• [What you should do]:
After locating the line with "Snapchat has a" in the data that follows, return it and every later line exactly, up to and including the line with "In this video, I'm".
***** Records shown
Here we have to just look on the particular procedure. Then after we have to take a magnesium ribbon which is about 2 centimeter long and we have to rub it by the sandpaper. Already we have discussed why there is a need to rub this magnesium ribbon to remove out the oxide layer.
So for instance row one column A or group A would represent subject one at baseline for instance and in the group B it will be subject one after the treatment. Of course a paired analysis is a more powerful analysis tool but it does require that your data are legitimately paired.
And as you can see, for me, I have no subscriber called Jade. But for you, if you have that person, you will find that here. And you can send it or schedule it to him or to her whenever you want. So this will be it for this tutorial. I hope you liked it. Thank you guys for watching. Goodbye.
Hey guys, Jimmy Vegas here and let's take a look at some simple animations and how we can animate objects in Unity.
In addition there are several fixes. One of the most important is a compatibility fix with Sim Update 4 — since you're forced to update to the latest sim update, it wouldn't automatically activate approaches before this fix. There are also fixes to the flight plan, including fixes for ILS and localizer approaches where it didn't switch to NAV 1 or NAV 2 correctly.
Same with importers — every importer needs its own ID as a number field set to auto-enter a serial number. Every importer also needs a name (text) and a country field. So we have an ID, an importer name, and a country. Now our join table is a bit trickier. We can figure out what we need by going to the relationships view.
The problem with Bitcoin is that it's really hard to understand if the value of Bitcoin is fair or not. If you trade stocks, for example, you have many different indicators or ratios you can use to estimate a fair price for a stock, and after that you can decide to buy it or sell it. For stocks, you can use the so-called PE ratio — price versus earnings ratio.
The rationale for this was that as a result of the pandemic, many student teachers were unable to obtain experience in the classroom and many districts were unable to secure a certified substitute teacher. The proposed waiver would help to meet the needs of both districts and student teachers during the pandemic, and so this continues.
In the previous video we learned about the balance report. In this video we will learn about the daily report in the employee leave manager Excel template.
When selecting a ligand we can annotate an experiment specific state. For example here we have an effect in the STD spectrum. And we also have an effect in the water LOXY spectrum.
**********
***** Records shown
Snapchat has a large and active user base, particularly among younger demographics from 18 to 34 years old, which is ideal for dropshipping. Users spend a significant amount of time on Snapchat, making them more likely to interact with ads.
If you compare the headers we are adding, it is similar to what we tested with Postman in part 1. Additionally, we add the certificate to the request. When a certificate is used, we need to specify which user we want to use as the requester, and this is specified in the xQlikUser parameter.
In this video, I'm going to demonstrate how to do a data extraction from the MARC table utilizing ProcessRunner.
**********
• [Response]:
Snapchat has a large and active user base, particularly among younger demographics from 18 to 34 years old, which is ideal for dropshipping. Users spend a significant amount of time on Snapchat, making them more likely to interact with ads.
If you compare the headers we are adding, it is similar to what we tested with Postman in part 1. Additionally, we add the certificate to the request. When a certificate is used, we need to specify which user we want to use as the requester, and this is specified in the xQlikUser parameter.
In this video, I'm going to demonstrate how to do a data extraction from the MARC table utilizing ProcessRunner.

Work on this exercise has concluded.